The Kaizen Blitz: A Primer

July 2, 2015
Hosted by Gwendolyn D. Galsworth, Ph.D.

[Download MP3] [itunes] [Bookmark Episode]

Episode Description

Where did the Kaizen Blitz originate? If you say Mother Toyota, you are only partly right. Tune in to Visual Workplace Radio this week as Gwendolyn Galsworth, your host and visual workplace expert, travels into history and tells you the real story behind when and how the so-called “blitz” (not its real name) arrived on our shores and what happened when it did. Do you know that the first kaizen blitz (not its name at the time) was held in 1986 at Jakes Brakes in Windsor Locks, Connecticut—and it almost closed that site down? Dazzling in reducing flow distance and flow time, that first event surfaced everything that was right with the blitz format—and everything that was wrong, very wrong, with it. And both that right and that wrong were perfect duplications of how Toyota conducted its own blitzes in Japan, with this one difference: never at Mother Toyota, the OEM. The blitz format was use for the supply chain only. Tune in. Learn the history that insiders know but don’t talk about.

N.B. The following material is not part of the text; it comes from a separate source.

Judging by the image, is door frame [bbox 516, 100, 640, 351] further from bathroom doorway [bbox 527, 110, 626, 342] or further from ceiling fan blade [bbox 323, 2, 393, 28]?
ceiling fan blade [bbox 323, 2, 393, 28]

Visual Workplace Radio: Let the Workplace Speak

Archives Available on VoiceAmerica Business Channel

Visual Workplace Radio: Let the Workplace Speak offers the best in practical tools, methods, and strategies for improvement leaders who want to apply workplace visuality and harness its remarkable cultural and bottom line contribution. Visuality: you can’t get to excellence without it.

Each week, award-winning author and foremost visual workplace expert, Dr. Gwendolyn Galsworth, targets new learning and applications through a range of formats, case studies, interviews with business leaders and topic experts.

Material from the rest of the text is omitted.